Et pendant ce temps-là, alors que Vassili s'essuie soigneusement l'arrière-train dans sa petite cahute au fond du jardin, que Fedor arbore son sourire conquérant aux télévisions du monde entier, on se renvoie la balle dans un ballet diplomatique dépassé par tant de crises: la Syrie continue d'agoniser, les copains de la bande de Gaza de se faire démonter la tronche et la boue de s'amasser en gros paquets sur la plaine de l'Asse.

Dans ces circonstances tragiques, le vacancier de l'été 2014 peine à choisir son mode de transport qui le conduira à sa destination de rêve. Les voyages en avion finissent mal ces derniers mois. Le voyageur risque de se ramasser un missile dans les dents alors qu'il est tranquillement en train de dormir la tête appuyée contre le hublot. Ou alors il peut simplement disparaître des écrans radar et ne jamais arriver sur la belle plage paradisiaque choisie sur catalogue. La croisière en bateau n'est pas beaucoup plus sûre. Embarquer sur un beau paquebot grand luxe avec à sa tête un capitaine italien complètement marteau peut vous mener tout droit à batifoler avec les poissons pour l'éternité. Enfourcher une bicyclette n'est pas commode non plus, Pistolero l'a appris à ses dépends lors du Tour de France 2014.

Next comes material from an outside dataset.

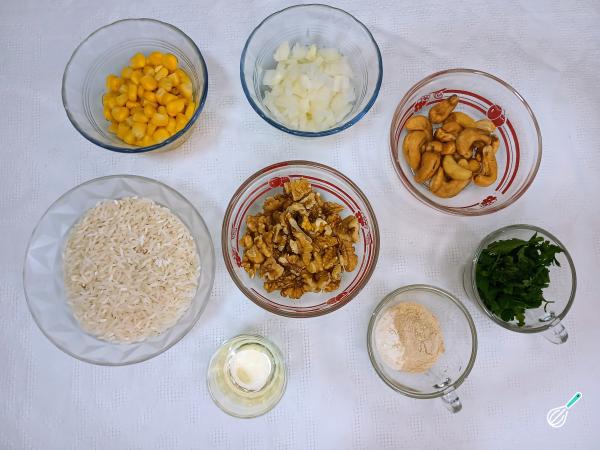 Receita de Arroz com nozes e castanhas - Passo 1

Et pendant que le touriste cherche le moyen le plus sûr pour se déplacer pendant ses petites vacances, une autre partie de l'humanité se demande simplement si elle pourra traverser la rue sans se faire descendre par des tirs mal placés de ses ennemis. Les diplomates s'échauffent inutilement à tenter de trouver des solutions de paix pour des populations manipulées par des responsables politiques complètement barrés. 

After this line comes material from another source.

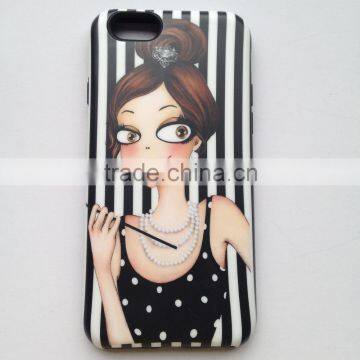 2 in 1 design phone case with custom pattern and logo with beautiful girl for iphone 6 case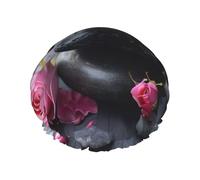 Gorro de ducha versátil con estampado de piedras y rosas para spa para mujeres y hombres, reutilizable, ligero y suave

Le seul qui s'en sort relativement bien dans toute cette crasse environnante, c'est Vassili Chevtchenko. Même si son pays est au bord du gouffre, tranquillement assis sur ses nouvelles toilettes, il savoure ce cadeau tombé du ciel. Washington accuse la Russie d'avoir fourni le fameux missile aux indépendantistes pro-russes, missile qui a provoqué la chute d'une cuvette de toilettes dans un champ de patates. Poutine s'insurge et le monde entier regarde avec tristesse le ballet des corbillards néerlandais ramenant les victimes au pays.

Il n'y a pas à dire, c'est vraiment un été de m... et la vision de Vassili le chanceux en train de fabriquer avec délectation un nouvel étron ne m'enlèvera pas de sitôt cette idée de la tête.